## What you have to do:
Please report how many lines in the data below contain "ended". Nothing besides the number should be written.

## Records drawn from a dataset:
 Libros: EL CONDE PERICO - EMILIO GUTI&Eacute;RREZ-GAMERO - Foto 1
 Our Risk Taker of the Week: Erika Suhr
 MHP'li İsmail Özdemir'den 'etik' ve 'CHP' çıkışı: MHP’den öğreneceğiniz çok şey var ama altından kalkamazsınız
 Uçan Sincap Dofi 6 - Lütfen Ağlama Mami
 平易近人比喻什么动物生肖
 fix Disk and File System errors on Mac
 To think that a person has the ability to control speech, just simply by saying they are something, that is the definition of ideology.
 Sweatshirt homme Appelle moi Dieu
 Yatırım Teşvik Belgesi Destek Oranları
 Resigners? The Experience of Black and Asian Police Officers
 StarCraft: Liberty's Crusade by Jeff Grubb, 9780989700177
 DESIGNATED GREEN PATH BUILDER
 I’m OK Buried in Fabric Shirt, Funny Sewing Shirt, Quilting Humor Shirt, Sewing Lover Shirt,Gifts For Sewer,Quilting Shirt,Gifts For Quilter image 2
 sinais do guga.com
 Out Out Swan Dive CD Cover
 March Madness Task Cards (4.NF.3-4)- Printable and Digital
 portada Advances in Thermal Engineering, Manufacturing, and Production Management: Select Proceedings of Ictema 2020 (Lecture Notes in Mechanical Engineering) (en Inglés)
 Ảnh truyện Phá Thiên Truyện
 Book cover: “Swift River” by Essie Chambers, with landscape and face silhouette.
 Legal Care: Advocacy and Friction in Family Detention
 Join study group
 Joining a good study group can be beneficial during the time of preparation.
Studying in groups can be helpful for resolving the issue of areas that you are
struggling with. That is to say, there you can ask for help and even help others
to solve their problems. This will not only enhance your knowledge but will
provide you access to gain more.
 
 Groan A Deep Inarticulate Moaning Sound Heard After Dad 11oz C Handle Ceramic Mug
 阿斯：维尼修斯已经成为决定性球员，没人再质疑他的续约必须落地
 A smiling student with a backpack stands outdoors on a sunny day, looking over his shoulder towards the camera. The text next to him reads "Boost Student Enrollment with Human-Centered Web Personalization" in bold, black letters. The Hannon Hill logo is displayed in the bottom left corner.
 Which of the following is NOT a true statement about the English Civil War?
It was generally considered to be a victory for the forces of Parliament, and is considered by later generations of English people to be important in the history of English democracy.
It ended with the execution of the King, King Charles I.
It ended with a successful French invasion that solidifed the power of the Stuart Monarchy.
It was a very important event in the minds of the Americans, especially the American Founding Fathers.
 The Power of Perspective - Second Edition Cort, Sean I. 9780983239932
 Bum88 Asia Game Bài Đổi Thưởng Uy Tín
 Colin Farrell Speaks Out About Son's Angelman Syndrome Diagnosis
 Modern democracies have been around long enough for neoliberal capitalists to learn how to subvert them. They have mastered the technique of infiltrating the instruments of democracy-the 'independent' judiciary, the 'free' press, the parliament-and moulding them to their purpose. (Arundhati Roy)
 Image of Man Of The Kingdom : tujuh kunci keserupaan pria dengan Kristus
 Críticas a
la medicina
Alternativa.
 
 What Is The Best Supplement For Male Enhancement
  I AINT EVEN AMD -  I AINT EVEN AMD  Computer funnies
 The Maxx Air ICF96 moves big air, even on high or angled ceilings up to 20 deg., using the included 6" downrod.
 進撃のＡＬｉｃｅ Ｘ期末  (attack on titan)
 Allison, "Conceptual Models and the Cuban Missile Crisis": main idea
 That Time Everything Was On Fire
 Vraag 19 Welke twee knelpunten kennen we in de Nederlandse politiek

## Answer area:
2